Amerika Serikat: Perosot Terbesar Kedua

AS menjadi negara dengan penurunan terbesar kedua setelah Venezuela antara 2015 dan 2025, anjlok tujuh peringkat dari posisi kedua ke posisi kesembilan saat ini. Vanuatu menjadi perosot ketiga, diikuti paspor Inggris yang turun dari posisi teratas pada 2015 ke posisi kelima, dan Kanada yang turun tiga peringkat.

Sebaliknya, China termasuk pendaki terbesar selama dekade terakhir, naik dari peringkat 94 pada 2015 ke posisi 60 di 2025, dengan skor bebas visa meningkat 40 destinasi. Dari segi keterbukaan terhadap negara lain, China juga naik dalam Henley Openness Index. China memberikan akses bebas visa kepada 29 negara tambahan sepanjang tahun lalu, kini menempati posisi ke-80 dengan memberikan akses ke 58 negara, dibandingkan AS yang berada di peringkat 84 dan hanya mengizinkan 46 negara.

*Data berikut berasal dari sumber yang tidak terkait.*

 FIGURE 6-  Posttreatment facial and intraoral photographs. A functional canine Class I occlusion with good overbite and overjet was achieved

Annie Pforzheimer dari Center for Strategic and International Studies mengatakan penurunan AS tidak mengejutkan. Tren politik Amerika bahkan sebelum kepresidenan Trump kedua sudah cenderung isolasionis. Jika tarif dan deportasi menjadi alat kebijakan default pemerintahan Trump, AS tidak hanya akan terus menurun secara komparatif, tetapi mungkin juga dalam angka absolut.

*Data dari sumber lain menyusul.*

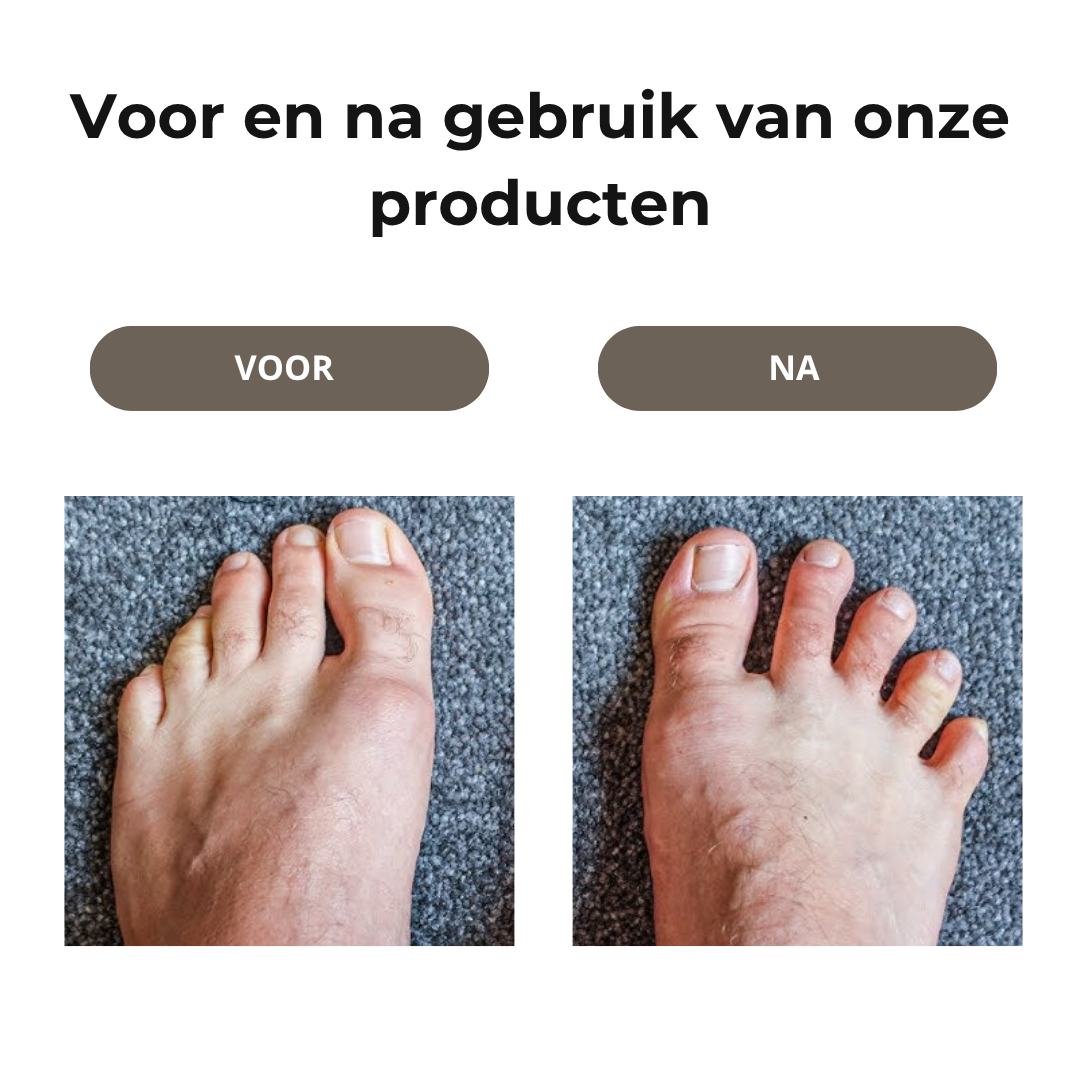 FlexiToe™ Uitlijningsset voor Gezonde Voeten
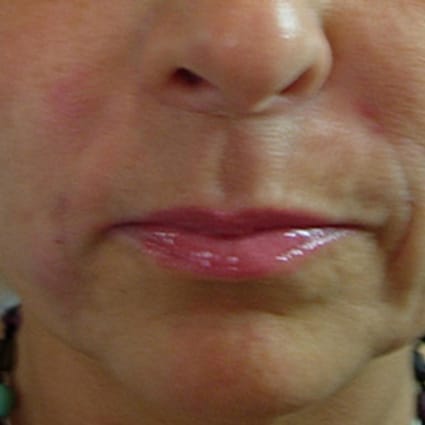 lip enhancement after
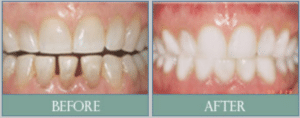 Smile results 9 Smile results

Lonjakan Permintaan Warga Amerika untuk Kewarganegaraan Kedua

Warga negara AS saat ini merupakan kelompok tunggal terbesar pemohon untuk kewarganegaraan alternatif, mencakup 21% dari semua aplikasi program migrasi investasi yang diterima oleh Henley & Partners pada 2024. CEO Dr. Juerg Steffen mengatakan perusahaan memiliki lebih banyak klien Amerika daripada empat negara terbesar berikutnya—Turki, Filipina, India, dan Inggris—digabungkan.

Menghadapi volatilitas yang belum pernah terjadi sebelumnya, investor dan keluarga kaya mengadopsi strategi arbitrase geopolitik untuk memperoleh opsi residensi dan kewarganegaraan tambahan guna melindungi diri dari risiko yurisdiksi.

Proyeksi Henley & Partners dan New World Wealth menunjukkan lonjakan migrasi jutawan yang lebih besar di seluruh dunia pada 2025, dengan 142.000 individu dengan kekayaan investasi cair USD 1 juta atau lebih diperkirakan akan pindah. Ini merupakan gelombang migrasi kekayaan paling signifikan yang pernah didokumentasikan dan mencerminkan perubahan fundamental dalam cara individu kaya mengurangi risiko dan menciptakan peluang di dunia yang semakin tidak stabil.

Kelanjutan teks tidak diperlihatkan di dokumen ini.